Formellement les têtes relèvent du baroque. Le style est pictural. Le cadre ne détermine pas l'image. Les figures sont souvent décentrées. La clarté est exclue. Le fond noir sur lequel l'artiste applique les couleurs, zéro solitaire et insignifiant, selon le mot de Baudelaire, empêche tout dispositif narratif. Le choix de peindre sur fond noir, en faisant ressortir les couleurs rose et vert qui tranchent par rapport à la dominante obscure du tableau, débouche aussi sur une indifférence de décor. Les têtes acquièrent une expression intense qu'accentue la sauvagerie effrénée de la touche. L'effacement de la main de l'artiste que revendiquent le Pop art et l'Op art n'a pas cours chez Benjamin. Le geste du peintre s'affirme avec autorité en vue de rendre compte de la tension et du drame de ses figures. L'affirmation du geste accentue l'impact des « têtes » et en accroit la résonance.

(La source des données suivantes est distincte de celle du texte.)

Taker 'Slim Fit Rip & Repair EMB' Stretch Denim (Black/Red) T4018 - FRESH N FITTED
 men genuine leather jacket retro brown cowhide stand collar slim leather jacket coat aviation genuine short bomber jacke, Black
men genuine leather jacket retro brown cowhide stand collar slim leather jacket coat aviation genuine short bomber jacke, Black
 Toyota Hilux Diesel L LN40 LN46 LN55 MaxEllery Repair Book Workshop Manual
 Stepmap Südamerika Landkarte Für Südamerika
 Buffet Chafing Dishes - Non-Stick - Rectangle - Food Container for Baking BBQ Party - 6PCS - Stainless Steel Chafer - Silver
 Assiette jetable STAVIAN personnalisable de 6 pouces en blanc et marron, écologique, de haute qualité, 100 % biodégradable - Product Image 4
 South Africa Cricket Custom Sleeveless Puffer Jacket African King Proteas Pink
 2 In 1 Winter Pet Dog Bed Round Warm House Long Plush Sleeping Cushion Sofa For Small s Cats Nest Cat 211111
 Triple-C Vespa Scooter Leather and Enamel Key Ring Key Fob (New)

Avec ses têtes présentées de façon répétitive, comme un leitmotiv, c'est une vision d'ensemble, non linéaire, que Benjamin réclame. Voilà pourquoi lors de son exposition à la Galerie Monnin il avait choisi de présenter ses tableaux sous la forme d'une installation, une espèce de mosaïque, au lieu de les montrer un par un au spectateur ou à la spectatrice. L'expographie choisie nous révèle que ce ne sont pas des tableaux que peint l'artiste mais un univers. Le rouge qu'il a fait mettre au mur pour l'exposition de ses toiles à la Galerie Monnin, forme une opposition chromatique avec le vert des tableaux, (mariage de couleurs qui procurait une douleur si délicieuse aux yeux de Baudelaire), et rehausse la violence des propos de l'artiste.
Pour comprendre les têtes de Benjamin, il semble qu'il faille les mettre en relation avec leur contexte de production, avec les formes fondamentales de la culture haïtienne. Il est nécessaire aussi de les relier à l'inconscient collectif, dont parlait Jung, qui est cet ensemble de représentations collectives communes à toutes les races, toutes les cultures et toutes les époques, d'où leur caractère universel.
Les têtes de Benjamin nous regardent. Figures de l'homme souffrant et révolté, elles semblent nous rappeler à chaque pas cet impératif indépassable objet du combat d'Artaud : il ne faut pas vivre mort.